Réforme de la loi de sauvegarde des entreprises

En déplacement à Avignon le 21 novembre dans le cadre de l’ouverture du Congrès national de la Conférence générale des juges consulaires de France, Rachida Dati a rappelé le rôle de la justice commerciale en période de crise et a dévoilé son projet de réforme de la loi de sauvegarde des entreprises.

La garde des Sceaux a évoqué, devant les magistrats des tribunaux de commerce, le rôle de la justice commerciale. Elle a rappelé que la réforme de la carte judiciaire avait permis à la justice commerciale d’être plus spécialisée et plus égalitaire.

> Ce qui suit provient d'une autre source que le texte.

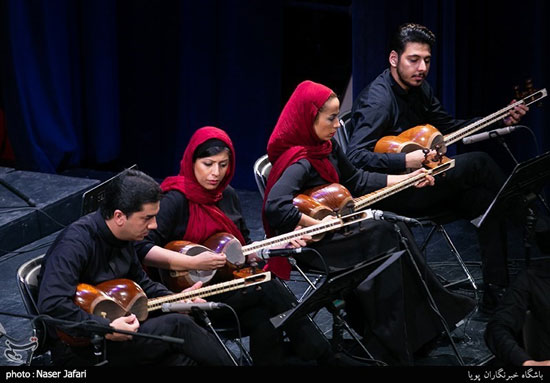 علیرضا افتخاری آثار قدیمی‌اش را با ارکستر ملی خواند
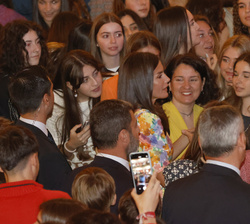 Su Majestad la Reina a su llegada al auditorio conversa con los jóvenes participantes en la tercera etapa del “Tour del Talento” 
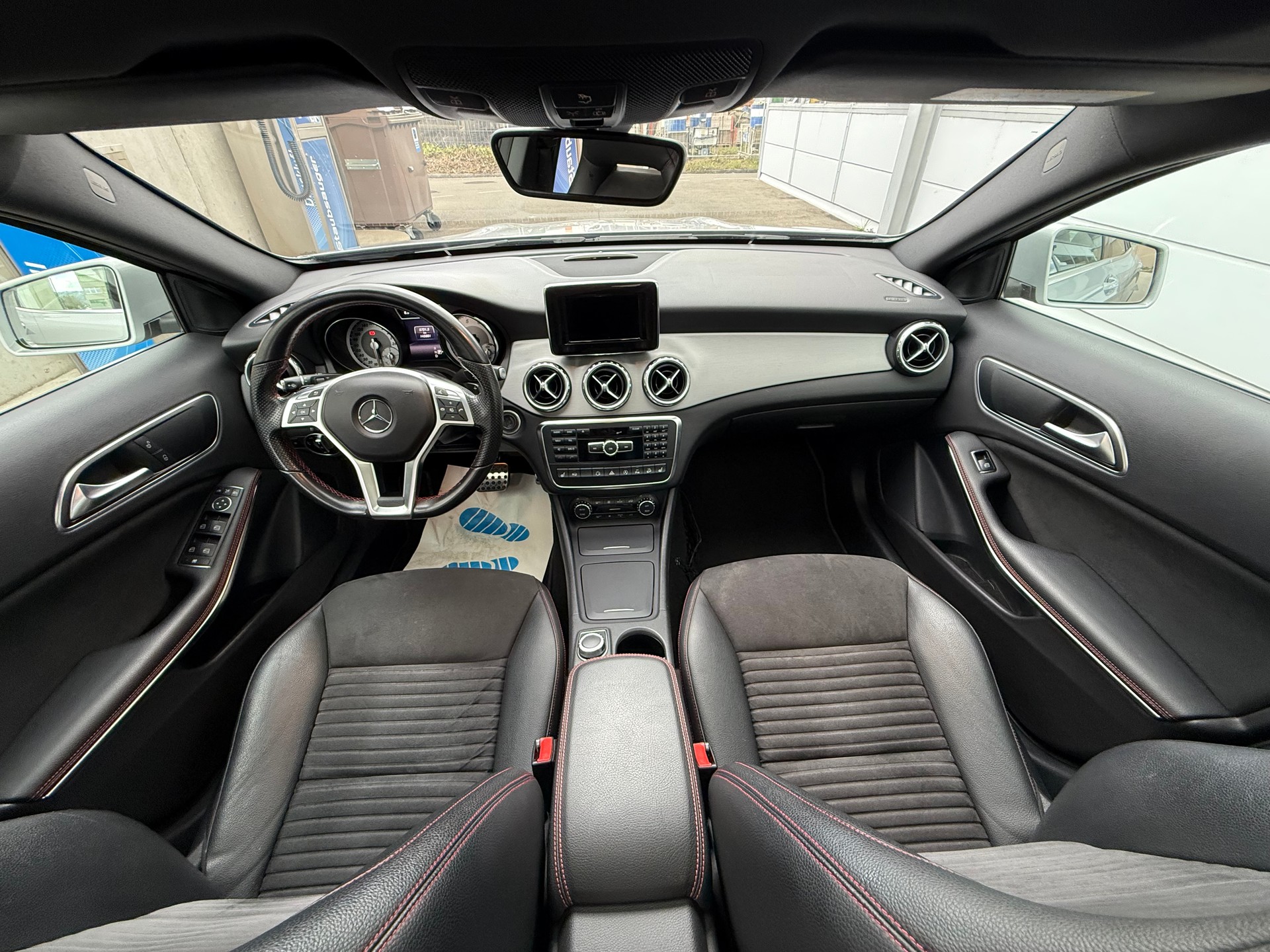 MERCEDES-BENZ GLA 250 AMG Line 4Matic 7G-DCT *CH Fahrzeug Frisch ab MFK *Panoramaglasdach *Sitzheizung *8 Fach bereift *Rückfahrkamera-image-9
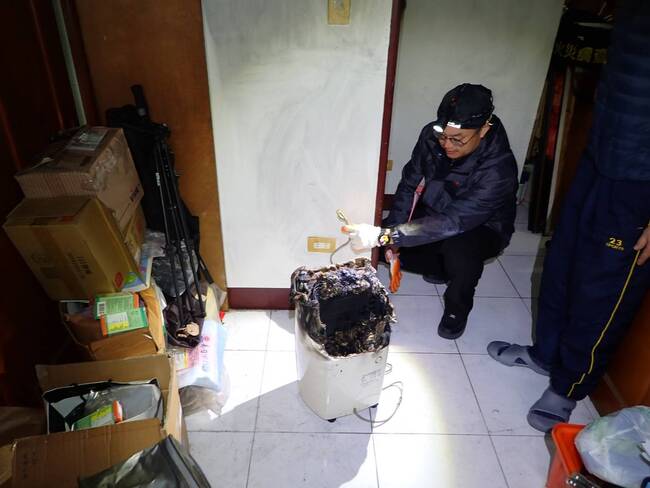 基隆民宅除濕機突自燃 一查竟是「召回機種」　消防局：54種機型立即停止使用 | 華視新聞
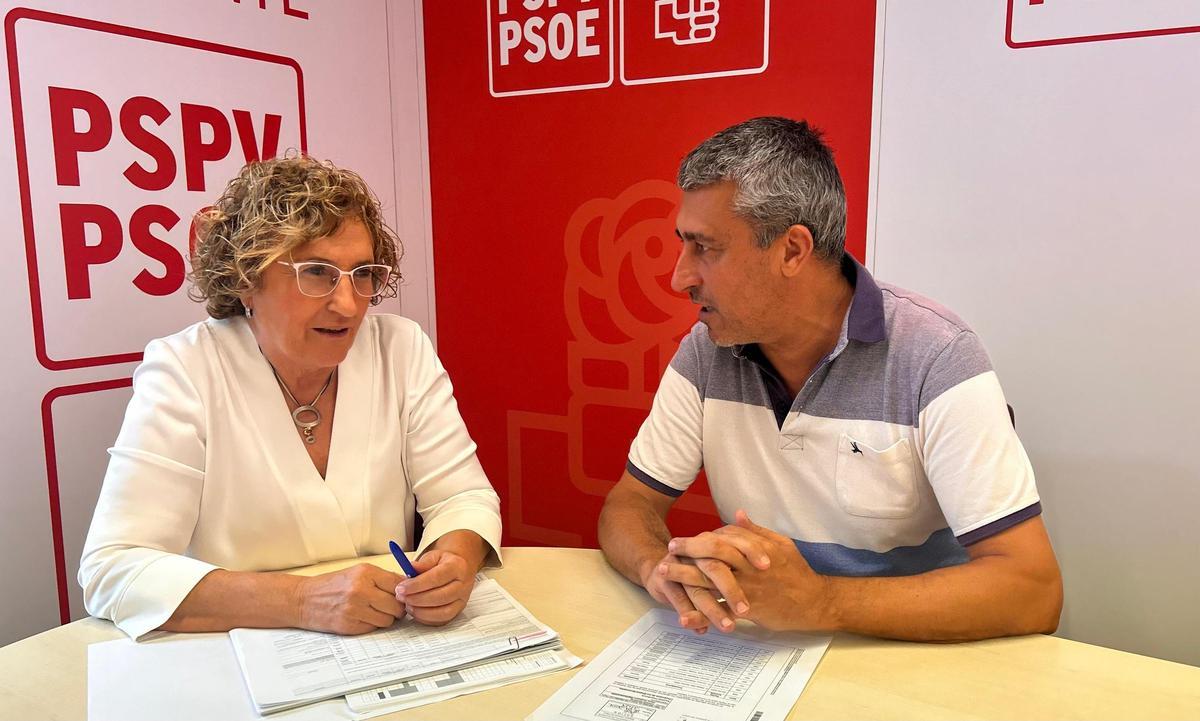El edil socialista Eduardo Rodriguez junto a Ana Barceló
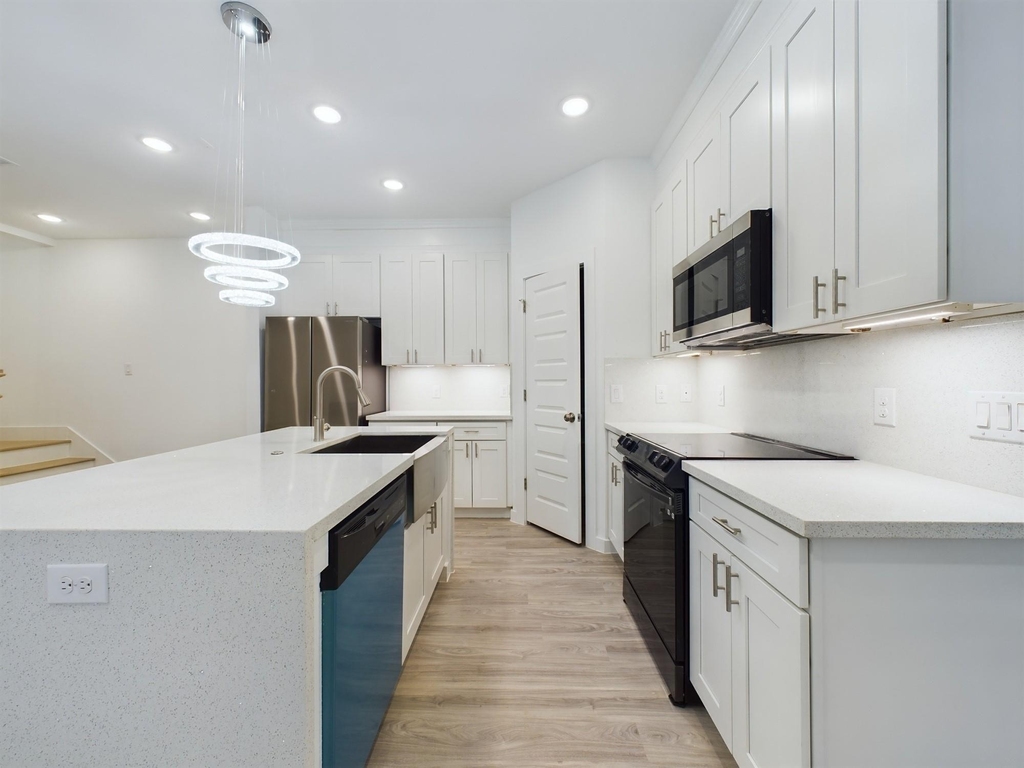 5206 Gold Street - Photo 3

Elle a insisté sur le fait qu’en période de crise, le devoir des juges consulaires est de « veiller à l’intérêt des entreprises en difficultés, et surtout à sauvegarder l’emploi des Français ».

L’intervention des juges consulaires est régie par la loi du 25 juillet 2005 dite « loi de sauvegarde des entreprises ». Selon les termes de Rachida Dati cette loi a permis « une meilleure anticipation des difficultés », et aussi de « sanctionner ceux qui mettent en danger la vie des entreprises ». Mais la procédure est lourde, elle entraîne beaucoup de contraintes pour le chef d’entreprise, et reste trop peu utilisée.

Pour protéger plus efficacement les entreprises, la garde des Sceaux a dévoilé un projet d’ordonnance dont les principaux objectifs seront :
– de rendre plus accessible la procédure en supprimant l’obligation pour le chef d’entreprise de démontrer que ses difficultés le conduiront à la cessation de paiement. Les magistrats des tribunaux de commerce auront la charge d’apprécier la réalité de la situation ;
– d’accroître les prérogatives du chef d’entreprise au cours de la procédure, notamment en assurant son maintien à la direction pendant le plan de sauvetage, ou en le laissant participer davantage à la réorganisation de l’entreprise ;
– d’améliorer la prise en considération des créanciers, par le renforcement du fonctionnement des comités de créanciers, ou par la reconversion d’une partie des créances de l’entreprise en actions ;
– de renforcer la prévention, au travers du développement de la procédure de conciliation ;
– d’améliorer la procédure de liquidation judiciaire : le régime simplifié sera obligatoire pour les petites entreprises.

Ce projet d’ordonnance est en cours d’examen au Conseil d’Etat. Il sera présenté en Conseil des ministres avant la fin de l’année en vue de son entrée en vigueur au 1er janvier 2009.